Absent a strong public policy contravened by so doing, New Jersey courts normally will apply the law of a sister state in deciding a question of construction or validity of a contract made and performed in that state.
Colozzi v. Bevko, Inc., 17 N.J. 194, 202, 110 A. 2d 545, 549 (1955); Farris Engineering Corp. v. Service Bureau Corp., 406 F.2d 519, 520 (3 Cir. 1969); Award Incentives, Inc. v. Van Rooyen, 263 F.2d 173, 176-177 (3 Cir. 1959); and see Lobek v. Gross, 2 N.J. 100, 102, 65 A. 2d 744, 745 (1949); In re Lea Fabrics, 226 F. Supp. 232, 237 (D.N.J. 1964).
New York is the situs of all of the primary contacts involved in the making and performance of the factoring agreement in suit. Also, the parties to the factoring agreement provided that it was to be "construed according to and be governed by the laws of the State of New York." (para. 15 -- Ex. P-1).
Therefore, absent an opposing public policy, the substantive law of New York must be applied to the facts found herein.
Plaintiff contends that the agreement in suit requires it be terminated only in writing. I agree. (Ex. P-1; para. 12).

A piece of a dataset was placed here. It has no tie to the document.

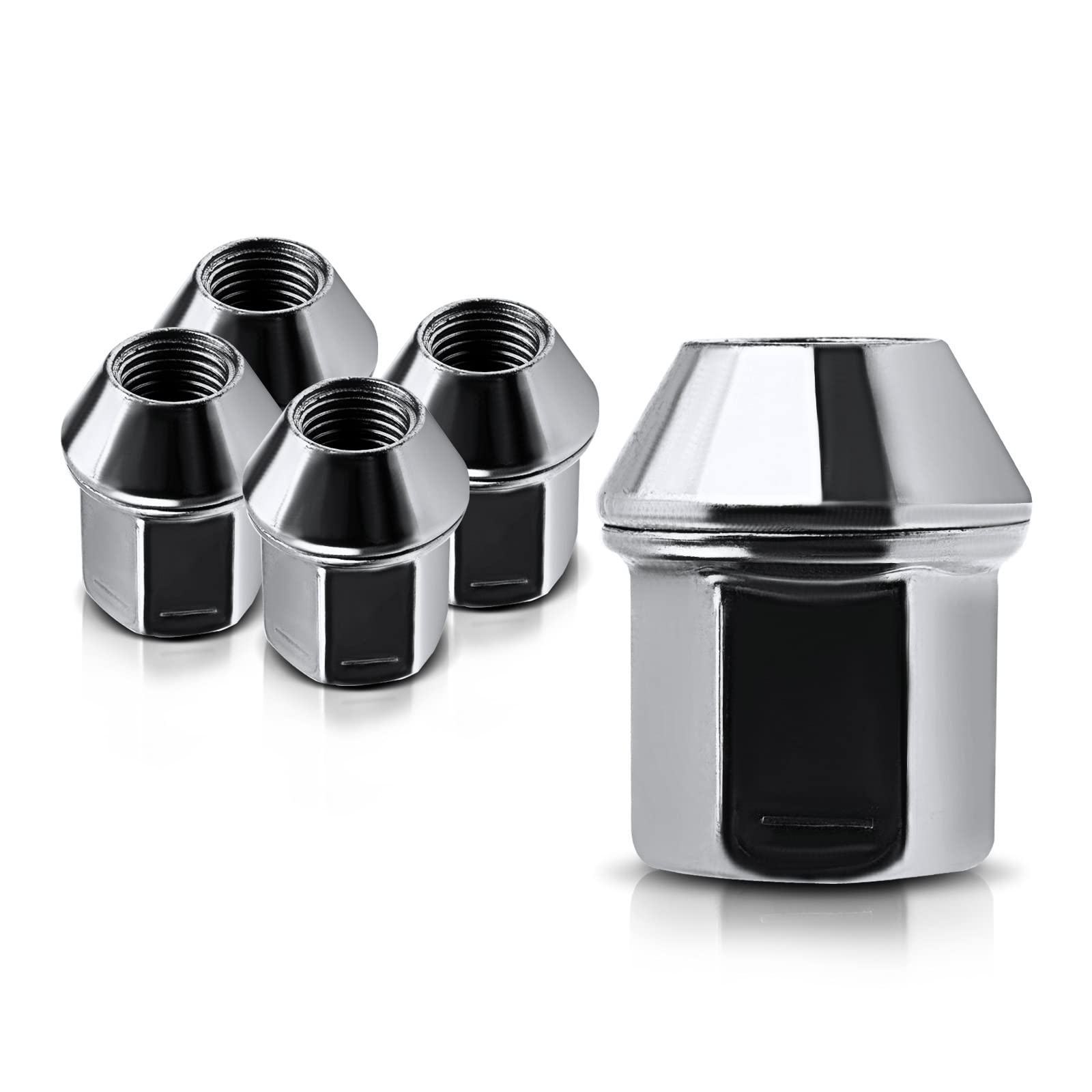 Frankberg 5x Radmutter Vorne Hinten Kompatibel mit Discovery Sport L550 Freelander 2 FA L359 LF R-a-n-g-e R-o-v-e-r Evoque L538 2006-Heute LR001381 Frankberg 5x Radmutter Vorne Hinten Kompatibel mit Discovery Sport L550 Freelander 2 FA L359 LF R-a-n-g-e R-o-v-e-r Evoque L538 2006-Heute LR001381 von Frankberg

No public policy appearing to foreclose it,
New York statutory and decisional law, applied to this contractual provision, provides a statute which by its terms enforces such a written termination requirement. New York General Obligations Law § 15-301, subd. 4 provides:
If a written agreement or other written instrument contains a provision for termination or discharge on written notice by one or either party, the requirement that such notice be in writing cannot be waived except by a writing signed by the party against whom enforcement of the waiver is sought or by his agent.